Cohomology of Structure Sheaves: Algebraic, Constructible and more

Question

I am not an algebraic geometer, but I am a topologist who uses sheaves. I have studied some algebraic geometry and am interested in what happens as I reduce the amount of rigidity in the structure sheaves on a space. Specifically I want to know what the cohomology of the following structure sheaves tell you. Please do things over characteristic zero.

If $X$ is a topological space then the natural structure sheaf of continuous functions has no interesting cohomology because of the existence of partitions of unity. Consequently, $C^k$, smooth and topological manifolds have structure sheaves with no interesting cohomology.
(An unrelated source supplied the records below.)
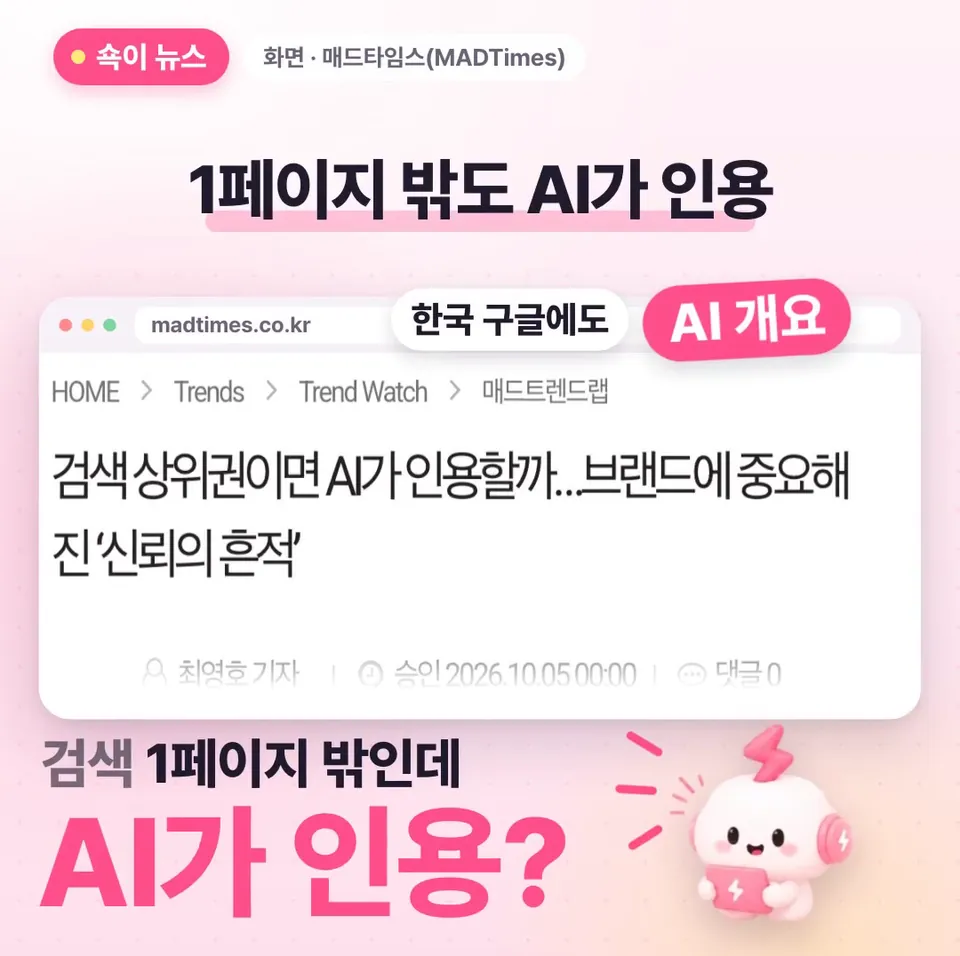 쇽이 뉴스 화면: 검색 1페이지에 못 들어가도, 구글 AI 답변에는 내 콘텐츠가 인용될 수 있어요! 요즘 한국 구글에도 뜨는 그 AI 개요 얘기라서, 쇽이가 얼른 알아 왔는데요.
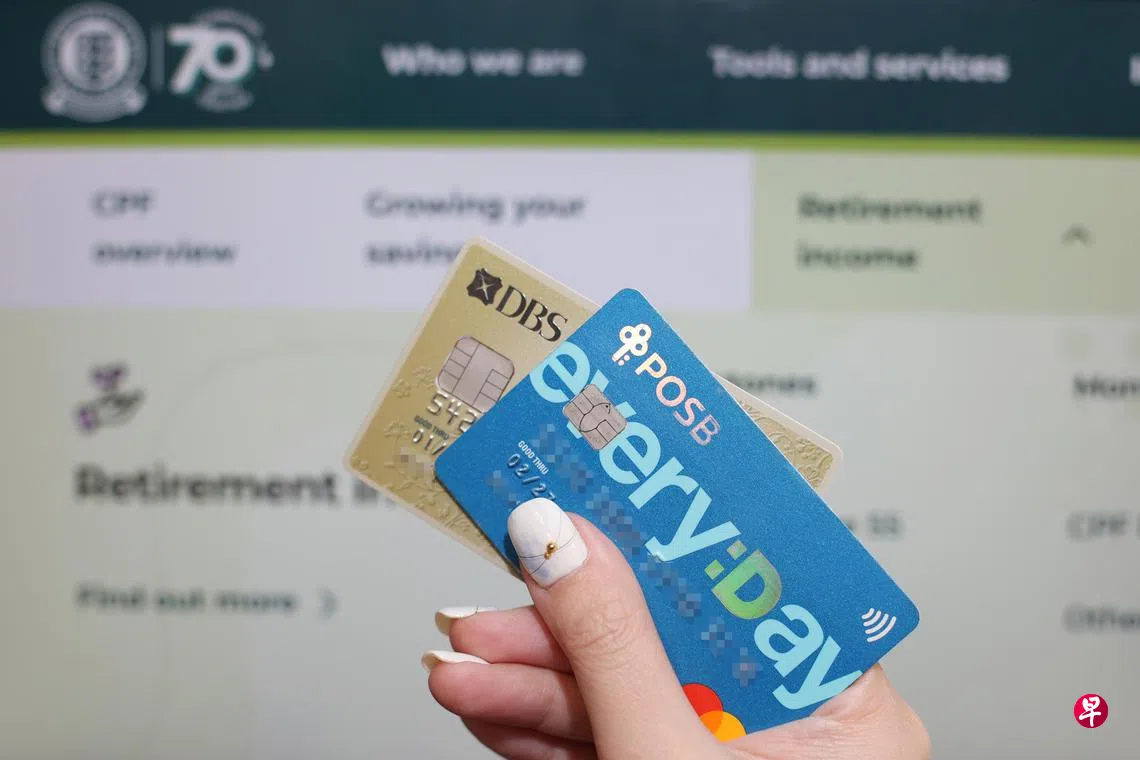退休人士可凭公积金入息申请星展和储蓄银行信用卡| 联合早报
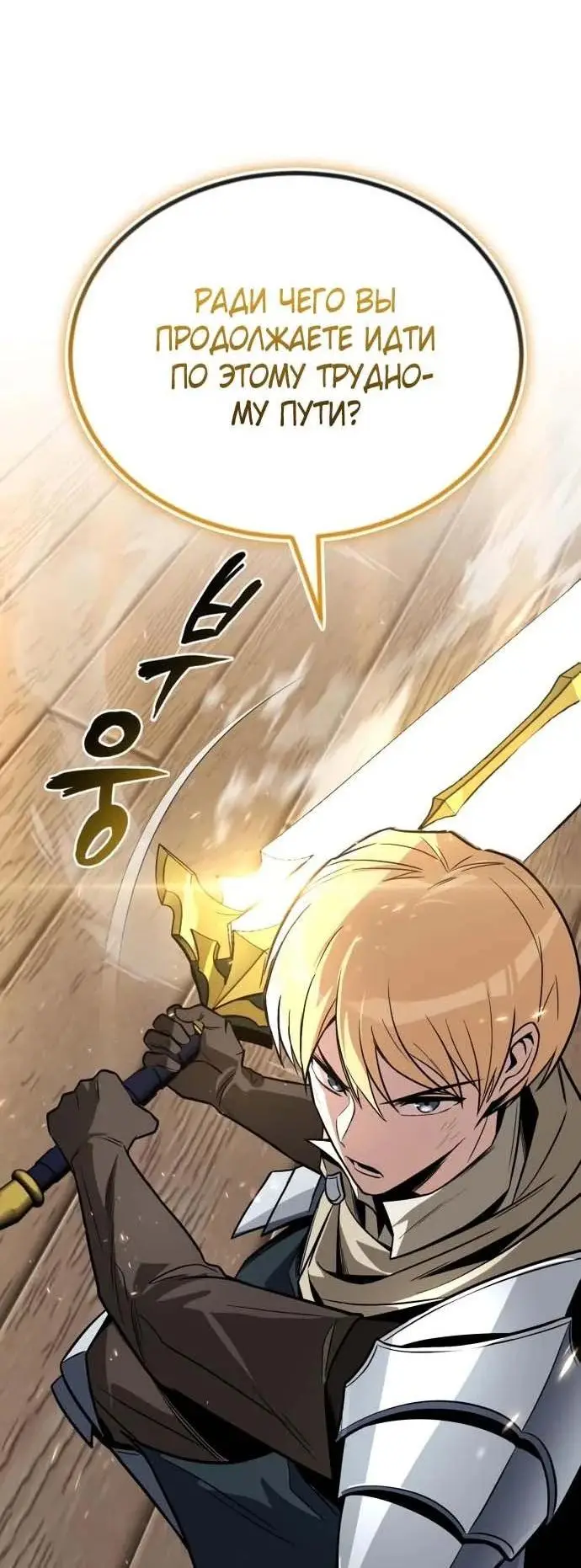 Страница 47 главы 120 манги От нерадивого аристократа до усердного гения / The Lazy Prince Becomes a Genius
To contrast, schemes ($X,\mathcal{O}_X$) with their structure sheaves of regular functions have lots of interesting information. In particular, there is non-trivial higher cohomology. However, I am still unsure what these groups tell you (aside from what all sheaf cohomology means - obstructions to extending sections). For example Hartshorne exercise 4.3 tells you that $H^1(U,\mathcal{O}_U)$ is infinite dimensional (spanned by $x^iy^j|i,j<0$) where $U=\mathbb{A}^2_k-(0,0)$. For $X$ a curve then the dimension of $H^1(X,\mathcal{O}_X)$ tells you the genus. For affine pieces this cohomology is trivial, so the cohomology of the structure sheaf detects "non-triviality" of a space. Are there any other characterizations of the higher cohomology groups of the structure sheaf?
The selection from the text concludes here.